[PROVIDED MATERIAL]

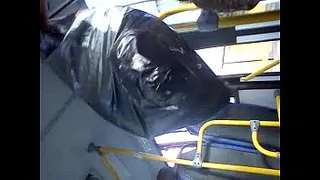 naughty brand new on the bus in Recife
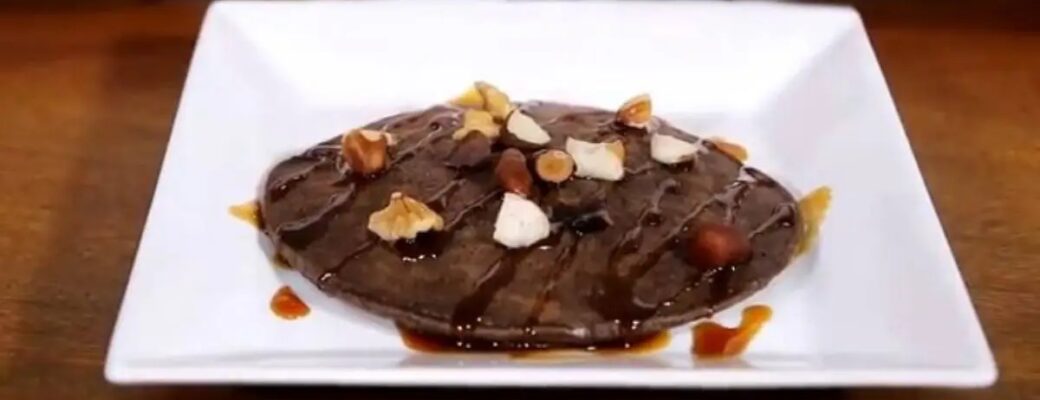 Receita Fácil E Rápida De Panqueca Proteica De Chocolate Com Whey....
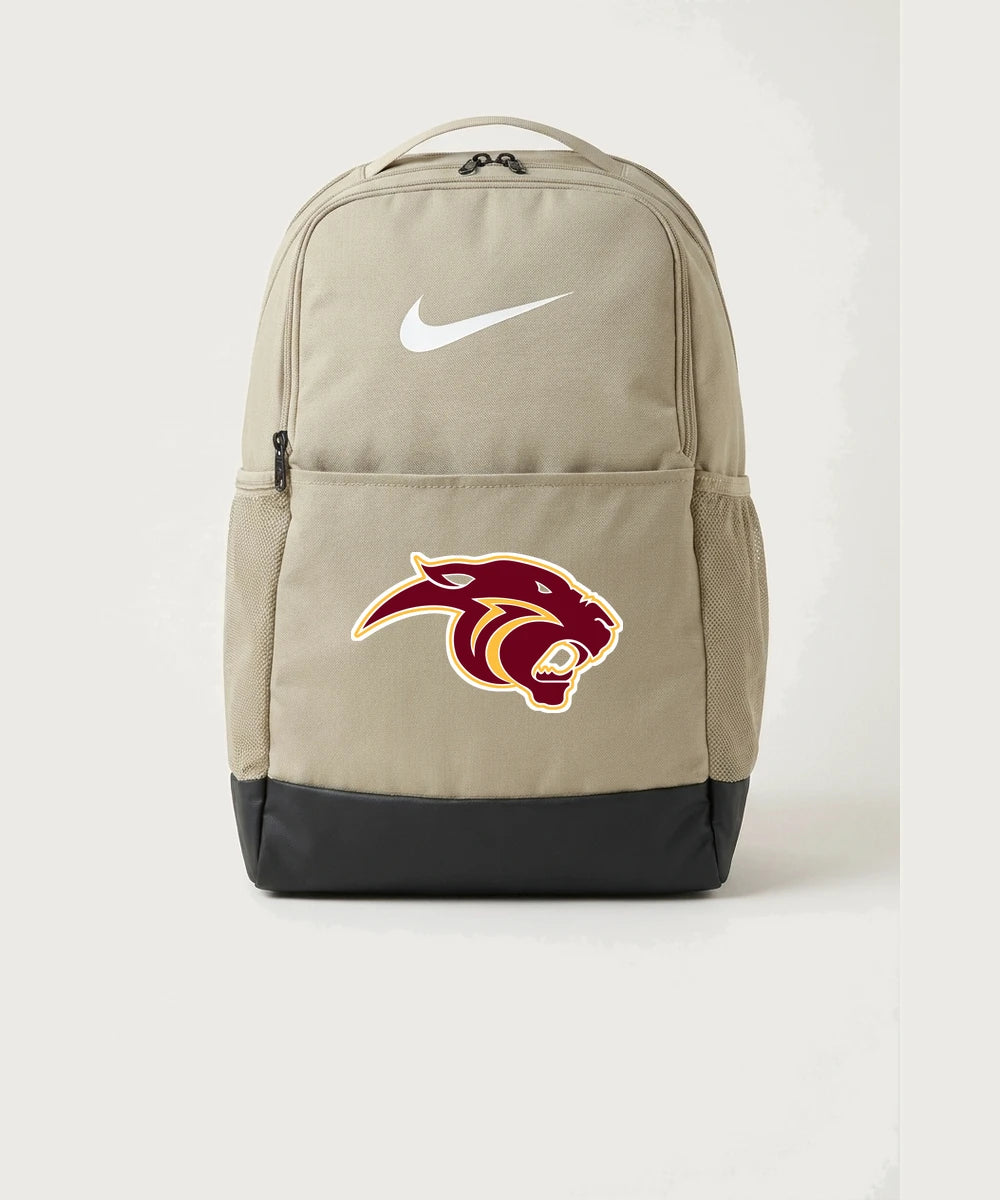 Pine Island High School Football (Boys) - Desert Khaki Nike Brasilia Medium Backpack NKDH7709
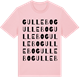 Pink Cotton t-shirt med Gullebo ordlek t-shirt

[/PROVIDED MATERIAL]

▸ TO DO
From the line that contains "Pine Island High" to the last line of the data above, inclusive, transcribe every line exactly and only those lines, omitting pictures.

▸ OUTPUT FOR THIS EXERCISE
 Pine Island High School Football (Boys) - Desert Khaki Nike Brasilia Medium Backpack NKDH7709
 Pink Cotton t-shirt med Gullebo ordlek t-shirt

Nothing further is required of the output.